Then make side-effect ports enforce it.

public final class EmailNotificationAdapter implements NotificationPort {
    @Override
    public void send(NotificationCommand command, RequestContext context) {
        if (context.isShadow()) {
            throw new IllegalStateException("Shadow execution must not send notifications");
        }
        // send email
    }
}

Do not rely on developer memory.

Make illegal side effects fail loudly.

7.2 Shadow Comparison

For read-side replacement, compare:

response shape
semantic equality
latency
dependency calls
authorization decisions
redaction behavior
result ordering
pagination tokens

Example comparison record:

{
  "comparison_id": "cmp_20260705_00091",
  "operation": "GET /cases/{caseId}/summary",
  "stable_status": 200,
  "shadow_status": 200,
  "semantic_match": false,
  "diff_type": "missing_escalation_flag",
  "stable_latency_ms": 87,
  "shadow_latency_ms": 143,
  "trace_id": "6df4..."
}

Shadow traffic should produce evidence, not just confidence.

8. Feature Flags

Feature flags separate deployment from release.

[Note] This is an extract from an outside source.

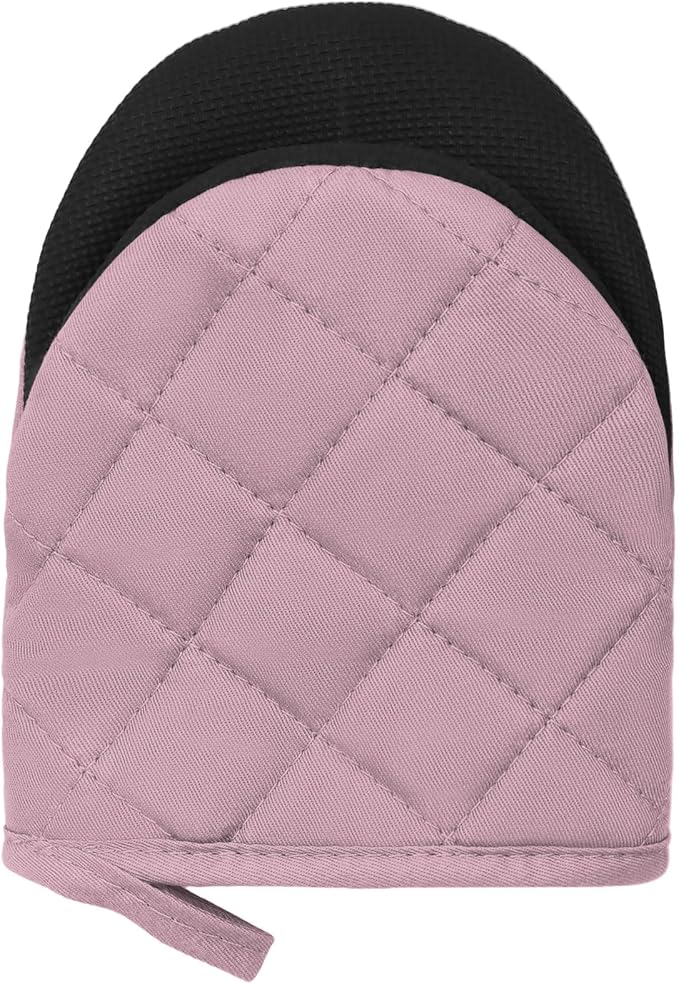 Short Oven Mitts, Heat Resistant 500°F, Silicone Grip Kitchen Gloves, Non-Slip - Image 6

They allow code to exist in production while behavior remains disabled or selectively enabled.

Feature flags are not only booleans.

They can represent:

release toggle
experiment toggle
permission toggle
operational kill switch
migration toggle
tenant capability toggle
algorithm version selection
threshold value

8.1 Flag Taxonomy

Flag Type	Lifetime	Example	Risk
Release flag	Short	Enable new case summary UI	Stale dead code
Experiment flag	Short/medium	Try ranking algorithm B	Biased metrics
Ops flag	Long	Disable external enrichment	Misuse as business logic
Permission flag	Long	Tenant has advanced workflow	Authorization confusion
Migration flag	Short	Read from new projection	Split-brain state

Each flag needs an owner and removal plan.

A feature flag without expiry becomes hidden architecture.

8.2 Backend Flag Discipline

Bad pattern:

if (flags.isEnabled("newFlow")) {
    doNewThing();
} else {
    doOldThing();
}

This becomes untestable when repeated everywhere.

Better pattern:

public interface CaseRiskPolicy {
    RiskDecision evaluate(CaseSnapshot snapshot);
}

public final class FlaggedCaseRiskPolicy implements CaseRiskPolicy {
    private final FeatureFlags flags;
    private final CaseRiskPolicy oldPolicy;
    private final CaseRiskPolicy newPolicy;

    @Override
    public RiskDecision evaluate(CaseSnapshot snapshot) {
        if (flags.enabled("risk-policy-v2", snapshot.tenantId())) {
            return newPolicy.evaluate(snapshot);
        }
        return oldPolicy.evaluate(snapshot);
    }
}

The flag is localized at a policy boundary.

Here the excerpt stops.